Power Snooker'da oyuncuların eğlenceli hareketleri dikkat çekti.
Sezonun heyecan veren turnuvalarından bir diğeri ise Power Snooker idi.İlginç bir deneme olan Power Snooker'da maçlar dakika üzerinden oynanırken, normalden çok daha farklı snooker kuralları uygulanarak izleyenlere keyif dolu dakikalar yaşatıldı.Vuruş süresi, hızlı oyun şartlarının olduğu yerde rahatlayan Rocket bu turnuvada galibiyete ulaştı.


Eylül ayıyla beraber başlayan snookerın bir diğer önemli davet turnuvalarından olan Premier League Snooker'da ise Neil,Shaun,Ronnie ve Fu gruptan çıkarak finallerde yer aldılar.Ronnie gruptan itibaren rahat götürdüğü maçları, finaller de çok yüksek bir ivmeye taşıyarak Premier League kupasını kaldırdı ve bu turnuva da 9. zaferini alarak herhangi bir turnuva da en çok zafer elde eden oyuncu ünvanına da kendi adını yazdırdı.

Uk Championship öncesi düzenlenen son PTC turnuvalarından olan EPTC5 ve EPTC6 ise Higgins için oldukça mutluluk dolu anlara sahne oldu.Katıldığı ilk turnuva olan EPTC5'de şampiyonluk elde eden Higgins, EPTC6'da da finale çıkmasına rağmen karar oyunun da şampiyonluğu kaçırdı.

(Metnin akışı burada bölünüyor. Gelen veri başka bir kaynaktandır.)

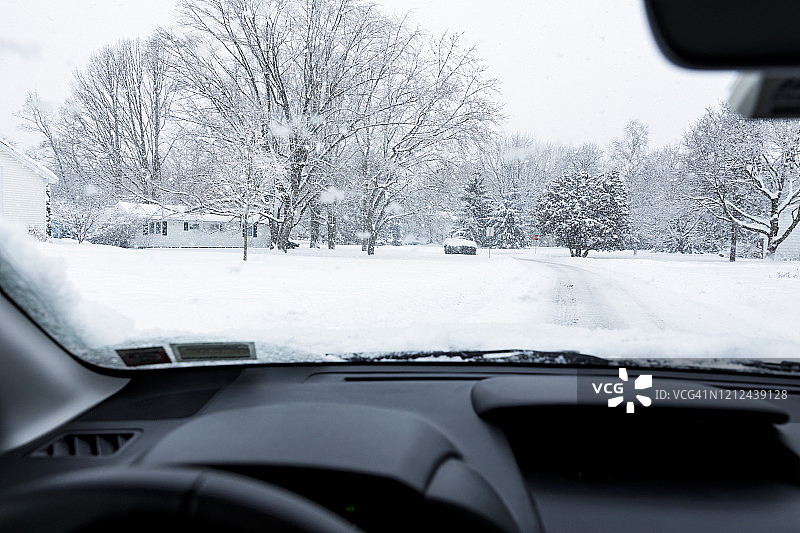 暴风雪期间，汽车在郊区住宅区街道上行驶图片素材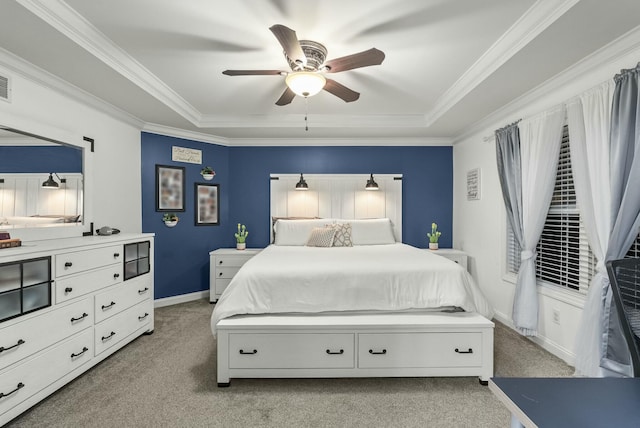 bedroom with light carpet, a tray ceiling, ceiling fan, and crown molding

Higgins şampiyonluk duygusunu "Rüyaların yapıldığı maddeye" benzetti.
Takvimler aralık ayını gösterdiğinde ise Uk Championship'e sıra geldi.Şampiyonluk beklenen büyük oyuncuların hepsi bir bir elenirken Higgins bir türlü durmak bilmedi.Yaşadığı karanlık günlerin ardından çok büyük bir mutluluğa kavuşmasına az kalmıştı Higgins'in.Ancak finalde ki rakibi Williams maça oldukça hızlı başladı ve hızlı devam ederek oyunu 9-5'e kadar taşıdı.Williams, Çin'den sonra büyük bir turnuvada galibiyet almaya sadece 1 frame kala rakibinin geri dönüşüne mani olamadı.Skor 9-7 iken frame topunu cebe göndermiş olmasına rağmen Higgins'in bıraktığı snookerla oyunda kalmayı başarmıştı.

Yeni snooker sezonumuz her zaman olduğu gibi yine The Masters ile başlayacak.Umudumuz ise 2010'dan daha unutulmaz maçların oynandığı bir sezon görmek.